WASHINGTON – This year is shaping up to be a good one for initial public offerings, as many companies want to go public and confidence levels are higher than last year, Nasdaq’s CEO Adena Friedman said on Friday.
Fifty-five companies moved forward on IPOs in the United States since the beginning of the year, compared with 20 in the same period last year, Nasdaq’s website shows.
The number of IPOs last year was the lowest since 2009 due to instability in the markets and politics around the world, a report by Pitchbook.com said.
Nasdaq NDAQ, +0.02% released what it called a blueprint to revitalize capital markets on Thursday.
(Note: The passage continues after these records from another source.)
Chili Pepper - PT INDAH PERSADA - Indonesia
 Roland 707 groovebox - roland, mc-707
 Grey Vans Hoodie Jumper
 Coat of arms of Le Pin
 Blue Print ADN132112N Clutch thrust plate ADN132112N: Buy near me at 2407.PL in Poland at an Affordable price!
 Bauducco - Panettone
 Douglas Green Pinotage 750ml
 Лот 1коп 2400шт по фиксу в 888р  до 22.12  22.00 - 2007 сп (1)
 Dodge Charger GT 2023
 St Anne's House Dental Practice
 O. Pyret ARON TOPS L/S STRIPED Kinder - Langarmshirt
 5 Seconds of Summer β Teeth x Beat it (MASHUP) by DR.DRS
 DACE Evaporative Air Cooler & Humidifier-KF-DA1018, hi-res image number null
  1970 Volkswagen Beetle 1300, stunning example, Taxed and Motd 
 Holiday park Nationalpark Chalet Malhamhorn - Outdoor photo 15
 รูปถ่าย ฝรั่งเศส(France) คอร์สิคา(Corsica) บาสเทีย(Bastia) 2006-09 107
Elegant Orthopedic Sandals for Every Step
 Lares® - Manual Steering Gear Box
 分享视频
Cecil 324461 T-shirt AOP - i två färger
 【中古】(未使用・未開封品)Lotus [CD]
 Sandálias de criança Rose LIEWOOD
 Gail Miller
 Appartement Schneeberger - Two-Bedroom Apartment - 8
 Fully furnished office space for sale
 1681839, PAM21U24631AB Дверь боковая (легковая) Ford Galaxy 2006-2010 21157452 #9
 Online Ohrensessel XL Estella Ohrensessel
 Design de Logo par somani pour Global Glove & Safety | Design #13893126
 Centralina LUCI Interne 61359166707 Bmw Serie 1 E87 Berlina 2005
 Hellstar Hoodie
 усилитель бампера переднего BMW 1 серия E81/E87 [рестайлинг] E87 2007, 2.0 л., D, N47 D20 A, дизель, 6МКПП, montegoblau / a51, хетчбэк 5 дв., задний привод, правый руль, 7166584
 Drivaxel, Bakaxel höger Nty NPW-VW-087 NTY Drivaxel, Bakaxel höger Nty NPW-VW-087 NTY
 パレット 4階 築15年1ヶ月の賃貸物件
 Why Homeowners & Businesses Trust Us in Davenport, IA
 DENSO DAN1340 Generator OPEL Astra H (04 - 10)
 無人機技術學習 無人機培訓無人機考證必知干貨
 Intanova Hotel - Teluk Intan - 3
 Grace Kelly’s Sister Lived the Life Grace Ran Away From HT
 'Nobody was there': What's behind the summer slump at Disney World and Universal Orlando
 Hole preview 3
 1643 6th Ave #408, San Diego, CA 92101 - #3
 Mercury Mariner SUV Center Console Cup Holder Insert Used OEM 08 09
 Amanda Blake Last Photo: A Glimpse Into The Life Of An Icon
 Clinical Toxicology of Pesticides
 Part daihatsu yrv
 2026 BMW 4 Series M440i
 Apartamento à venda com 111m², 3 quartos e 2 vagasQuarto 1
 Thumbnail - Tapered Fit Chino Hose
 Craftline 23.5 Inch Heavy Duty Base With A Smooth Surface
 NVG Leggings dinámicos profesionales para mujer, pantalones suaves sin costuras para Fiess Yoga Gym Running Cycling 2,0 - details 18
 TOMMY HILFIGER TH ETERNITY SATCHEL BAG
Nasdaq profits from companies who choose to list on their stock exchange, and so the trend toward companies getting plentiful funding while private works to their disadvantage.
Nasdaq called for reforms including tougher access to proxy process and lower taxes.
Although company executives are more hopeful, they are still wary of policy uncertainties, Friedman said. She spoke in an interview after meeting at the Economic Club of Washington, D.C.
President Donald Trump has made business-friendly proposals such as cutting corporate tax to 15% and rolling back Dodd-Frank financial regulations, but these proposals would have to be passed by the Senate, where Republicans have to get Democrats’ approval to pass the bills.
The Volcker rule is too “draconian” and had “driven liquidity out of the market,” Friedman said. On the other hand, rules that served as guardrails to the financial system should be preserved, she said.